4.OLAY ÇEVRESİNDE ELE ALINAN METİNLER
ANLATMAYA BAĞLI OLANLAR
A)HİKÂYE
Bu dönemde Ömer Seyfettin, Refik Halit Karay, Reşat Nuri, Yakup Kadri, Halide Edip Adıvar hikâyeler yazmışlardır. Anadolu ve Anadolu insanını ele alarak milli bilinci aşılamışlardır. Yapısal özellikleri şunlardır:
1.Anadolu ve Anadolu insanı ele alınmış, gözlemler Anadolu üzerine yapılmış, memleketçi bir öykü anlayışı geliştirilmiştir.
2.Kişiler; çocuklar, asker ve memurlar, işçiler, yoksullar, ihtiyarlar, zulme uğrayanlar, tarihi kahramanlar, kısaca toplumun her kesiminden kişiler öykülere girebilmiştir.
3.Genelde yazarlar kendi zamanlarının insanlarını anlatmışlarsa da tarihi zamanları da anlatmışlardır.
4.Anadolu’daki mekânlar, cepheler, Anadolu dışındaki Türklerin yaşadığı yerler mekân olarak seçilmiştir.
5.Toplumsal temalar işlenmiştir. Yaşam koşulları, savaş sıkıntıları, bağımsızlık, yanlış Batılılaşma, geçmişteki kahramanlıklar, vatan sevgisi, az da olsa aşk maceraları tema olarak işlenmiştir.
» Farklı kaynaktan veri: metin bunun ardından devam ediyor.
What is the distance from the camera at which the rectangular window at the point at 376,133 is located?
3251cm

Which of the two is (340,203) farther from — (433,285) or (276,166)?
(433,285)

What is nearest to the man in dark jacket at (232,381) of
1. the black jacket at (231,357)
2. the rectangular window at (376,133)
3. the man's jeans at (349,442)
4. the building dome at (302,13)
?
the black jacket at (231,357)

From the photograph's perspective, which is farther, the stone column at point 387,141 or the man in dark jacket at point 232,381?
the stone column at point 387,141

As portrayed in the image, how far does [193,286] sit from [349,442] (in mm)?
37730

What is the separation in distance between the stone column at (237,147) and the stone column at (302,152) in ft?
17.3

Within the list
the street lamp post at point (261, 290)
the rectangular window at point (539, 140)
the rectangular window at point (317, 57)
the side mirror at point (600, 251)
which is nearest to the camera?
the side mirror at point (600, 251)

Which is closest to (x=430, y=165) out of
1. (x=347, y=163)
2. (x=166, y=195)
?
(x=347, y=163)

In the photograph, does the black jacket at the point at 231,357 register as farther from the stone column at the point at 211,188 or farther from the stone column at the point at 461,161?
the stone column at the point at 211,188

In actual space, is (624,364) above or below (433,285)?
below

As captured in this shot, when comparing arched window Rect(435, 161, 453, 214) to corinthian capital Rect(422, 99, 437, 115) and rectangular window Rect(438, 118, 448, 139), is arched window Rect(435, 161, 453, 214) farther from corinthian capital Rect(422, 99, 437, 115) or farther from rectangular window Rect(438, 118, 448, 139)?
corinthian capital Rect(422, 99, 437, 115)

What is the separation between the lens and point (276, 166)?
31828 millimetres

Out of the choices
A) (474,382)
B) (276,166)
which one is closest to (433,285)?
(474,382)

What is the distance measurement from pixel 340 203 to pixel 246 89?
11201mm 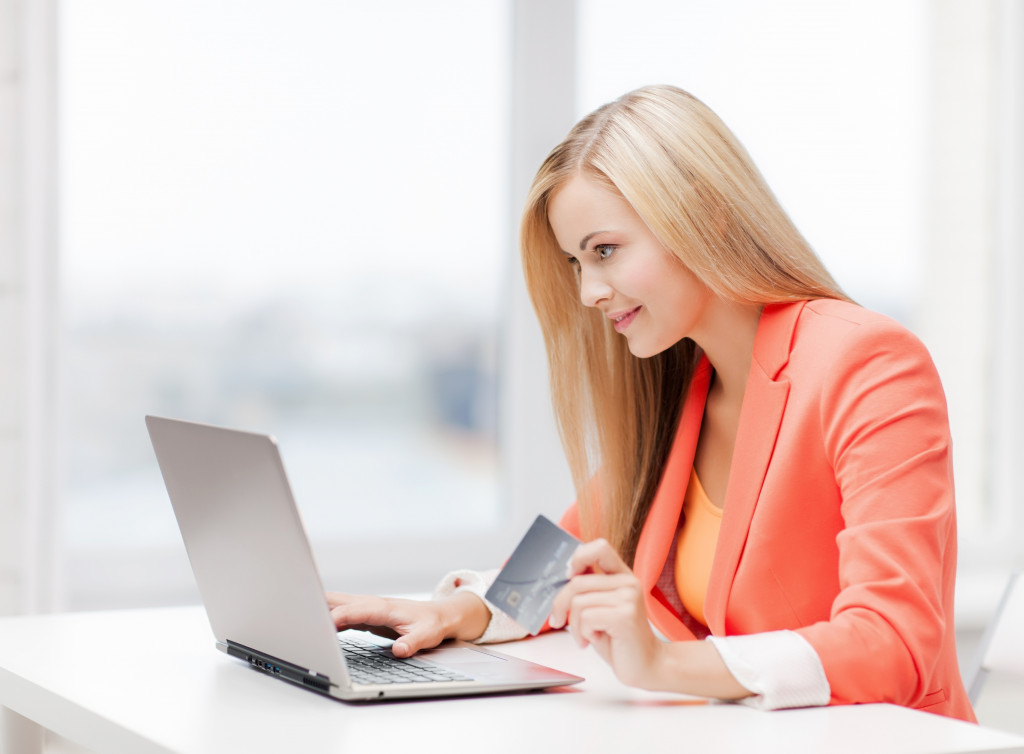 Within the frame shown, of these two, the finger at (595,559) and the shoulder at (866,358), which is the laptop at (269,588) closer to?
the finger at (595,559)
Bu temalar işlenirken Milliyetçilik, Osmanlıcılık, Batıcılık gibi zihniyetler de etkili olmuştur.
6.Dil oldukça sadedir; bu dönem yazarları Anadolu, Balkanlar gibi çeşitli bölgeleri gezebildikleri için realist ve natüralist gözlemler yapabilmişlerdir. Tasvirler kusursuzdur.
7.Hikâyeler Maupassant(olay) tarzı ile yazılmıştır.
B)ROMAN
Hikâye yazarları genelde roman da yazmışlardır. Romanda da Anadolu insanı, milli bilinç ve duyarlılık verilmeye çalışılmıştır.
1.Olaylar İstanbul dışında geçmektedir. Tarihi olaylar tarihi mekânlarda geçmektedir.
2.Kişiler halktan ve Anadolu’dan kişilerdir.
3.Romanın yazıldığı zaman dilimi ve tarihi zamanlar zaman olarak ele alınmıştır.
4.Mekân; şehir, kasaba ve köyleriyle Anadolu’dur. Memleket romantizmi eserlerin genel özelliğidir, fakat anlatım üslubu realizmdir.
5.Ömer Seyfettin, Halide Edip, Yakup Kadri, Refik Halit, Reşat Nuri, Aka Gündüz, Halide Nusret Zorlutuna bu dönemde yazan romancılardır.
6.Konular; siyasi kavgalar, Türkçülük, yanlış Batılılaşma, kuşak çatışması, geri kalmışlık, eğitimsizlik, cehalet, yoksulluk… Vb.
7.Dil sadedir.
8.Etkilendikleri edebi akım realizmdir.